Measuring sustainability
In her environmental work, one of Maji’s steady collaborators is TPP master’s student and Biogen Fellow Will Atkinson, whose research examines how climate and health data can be used to make policy decisions more equitable, immediate, and cost-effective. (Atkinson has long been something of a data junkie. As a kid, he’d tear open the Providence Journal, locate the sports section, and pore over the Red Sox box scores—each one a statistical summary of the game.) This past year, Atkinson has spent much of his time updating projections of air pollutant emissions so he can compare the efficacy of possible interventions, such as fuel efficiency improvements or the wholesale adoption of electric vehicles.
Since both Maji and Atkinson are working out ways to measure sustainability, they share their results, give each other feedback, and compare notes on the literature. Together, they hope to move critical research insights into relevant action in the policy world.
Such collaborations are just what Professor Noelle Selin envisioned when she took over as director of TPP in 2018, hoping to grow the program’s footprint and impact.
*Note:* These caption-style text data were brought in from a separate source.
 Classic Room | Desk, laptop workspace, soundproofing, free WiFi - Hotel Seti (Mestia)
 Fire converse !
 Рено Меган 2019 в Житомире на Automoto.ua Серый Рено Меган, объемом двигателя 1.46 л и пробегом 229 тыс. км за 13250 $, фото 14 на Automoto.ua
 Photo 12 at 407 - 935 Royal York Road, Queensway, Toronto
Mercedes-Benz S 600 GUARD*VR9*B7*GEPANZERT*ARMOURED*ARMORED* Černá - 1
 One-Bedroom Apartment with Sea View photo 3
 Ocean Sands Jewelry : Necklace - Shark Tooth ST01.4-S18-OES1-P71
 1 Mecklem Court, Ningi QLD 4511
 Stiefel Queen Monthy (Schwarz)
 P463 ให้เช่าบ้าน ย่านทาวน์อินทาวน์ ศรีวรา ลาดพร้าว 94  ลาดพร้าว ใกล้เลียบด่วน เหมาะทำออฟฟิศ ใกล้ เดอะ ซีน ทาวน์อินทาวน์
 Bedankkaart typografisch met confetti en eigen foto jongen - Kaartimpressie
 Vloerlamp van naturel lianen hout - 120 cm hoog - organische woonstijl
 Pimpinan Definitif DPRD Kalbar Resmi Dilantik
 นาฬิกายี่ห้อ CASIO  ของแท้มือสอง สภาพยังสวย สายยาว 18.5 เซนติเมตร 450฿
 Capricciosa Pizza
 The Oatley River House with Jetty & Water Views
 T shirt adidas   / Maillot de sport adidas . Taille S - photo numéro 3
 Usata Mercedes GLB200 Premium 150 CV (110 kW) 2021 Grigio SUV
With the Research to Policy Engagement Initiative, she says she wants “to create a community to advance best practices, engage with stakeholders, and learn from one another.” It’s working: Selin, a professor in IDSS and the Department of Earth, Atmospheric and Planetary Sciences, now sees people within and outside MIT connecting across a range of disciplines spanning architecture, engineering, business, computing, and the humanities.
In the long run, she hopes the initiative’s work will help those who make decisions do so based on an understanding of the world that is informed by science and technology. Maji agrees. Her dream is to be a part of scaling up the research insights developed at MIT to inform policy at a regional, national, or even international level. It’s the sort of effort, Maji says, that might just allow enough people to locate one another to find a way out of the smog, together.